— Task statement —
Restate the full set of records exactly, word for word.

[Excerpts from a dataset]

------------------------------------

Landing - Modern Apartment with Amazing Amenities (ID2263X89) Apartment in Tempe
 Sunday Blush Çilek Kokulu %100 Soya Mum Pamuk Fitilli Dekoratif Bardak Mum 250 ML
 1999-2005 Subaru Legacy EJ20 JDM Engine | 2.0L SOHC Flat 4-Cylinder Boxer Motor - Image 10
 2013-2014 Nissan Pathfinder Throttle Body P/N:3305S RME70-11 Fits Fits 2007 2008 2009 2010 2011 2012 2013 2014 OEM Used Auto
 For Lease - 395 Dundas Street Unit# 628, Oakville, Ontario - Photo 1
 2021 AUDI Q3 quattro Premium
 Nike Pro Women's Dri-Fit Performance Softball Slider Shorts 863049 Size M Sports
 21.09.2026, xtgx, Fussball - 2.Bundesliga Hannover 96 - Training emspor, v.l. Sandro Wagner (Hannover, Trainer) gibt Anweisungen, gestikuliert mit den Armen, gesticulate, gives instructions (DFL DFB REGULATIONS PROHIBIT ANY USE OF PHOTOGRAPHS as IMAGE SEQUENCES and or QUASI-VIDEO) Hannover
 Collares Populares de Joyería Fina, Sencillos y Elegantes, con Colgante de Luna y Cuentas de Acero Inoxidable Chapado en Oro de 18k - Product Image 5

------------------------------------

— Reply —
Landing - Modern Apartment with Amazing Amenities (ID2263X89) Apartment in Tempe
 Sunday Blush Çilek Kokulu %100 Soya Mum Pamuk Fitilli Dekoratif Bardak Mum 250 ML
 1999-2005 Subaru Legacy EJ20 JDM Engine | 2.0L SOHC Flat 4-Cylinder Boxer Motor - Image 10
 2013-2014 Nissan Pathfinder Throttle Body P/N:3305S RME70-11 Fits Fits 2007 2008 2009 2010 2011 2012 2013 2014 OEM Used Auto
 For Lease - 395 Dundas Street Unit# 628, Oakville, Ontario - Photo 1
 2021 AUDI Q3 quattro Premium
 Nike Pro Women's Dri-Fit Performance Softball Slider Shorts 863049 Size M Sports
 21.09.2026, xtgx, Fussball - 2.Bundesliga Hannover 96 - Training emspor, v.l. Sandro Wagner (Hannover, Trainer) gibt Anweisungen, gestikuliert mit den Armen, gesticulate, gives instructions (DFL DFB REGULATIONS PROHIBIT ANY USE OF PHOTOGRAPHS as IMAGE SEQUENCES and or QUASI-VIDEO) Hannover
 Collares Populares de Joyería Fina, Sencillos y Elegantes, con Colgante de Luna y Cuentas de Acero Inoxidable Chapado en Oro de 18k - Product Image 5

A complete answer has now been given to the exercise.